▸ Directions
Pictures are to be omitted; everything else in the data must be transcribed exactly.

▸ Given data
>>
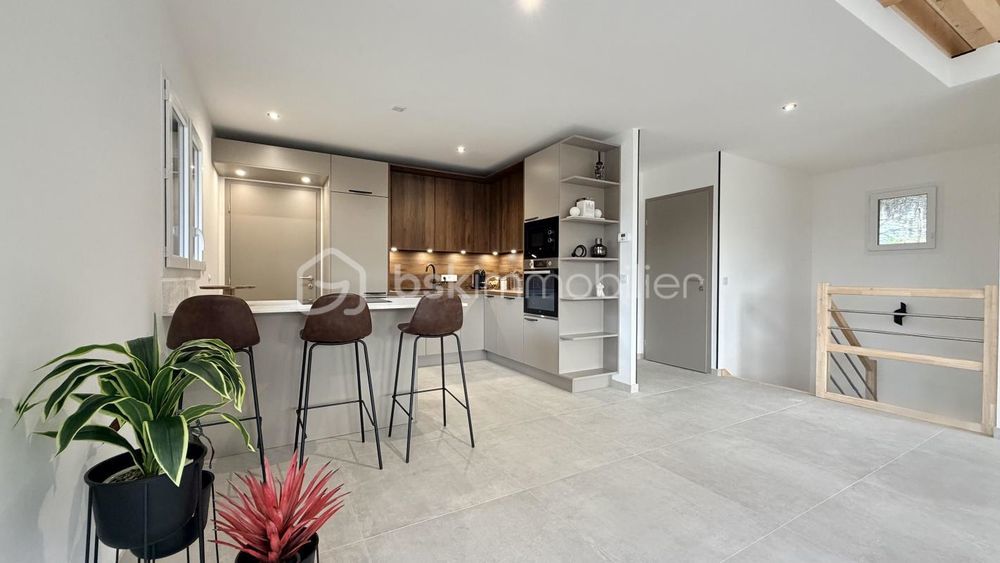 � vendre  Maison Pringy (74370)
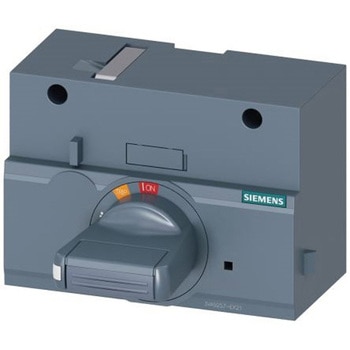 シーメンス ハンドル SENTRON 3VA9 SIEMENS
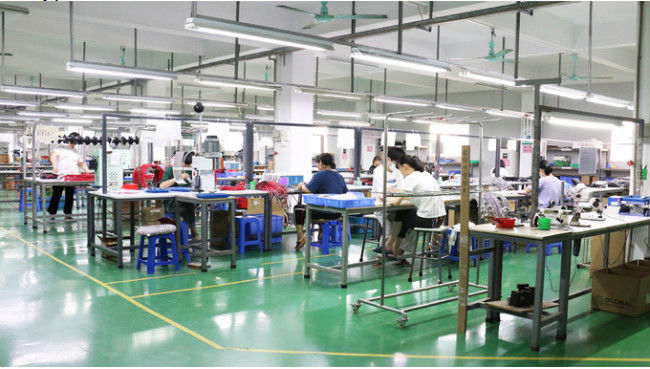 Shenzhen Shengshengyuan Electronic Technology Co., LTD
<<
▸ Expected answer
 � vendre  Maison Pringy (74370)
 シーメンス ハンドル SENTRON 3VA9 SIEMENS
 Shenzhen Shengshengyuan Electronic Technology Co., LTD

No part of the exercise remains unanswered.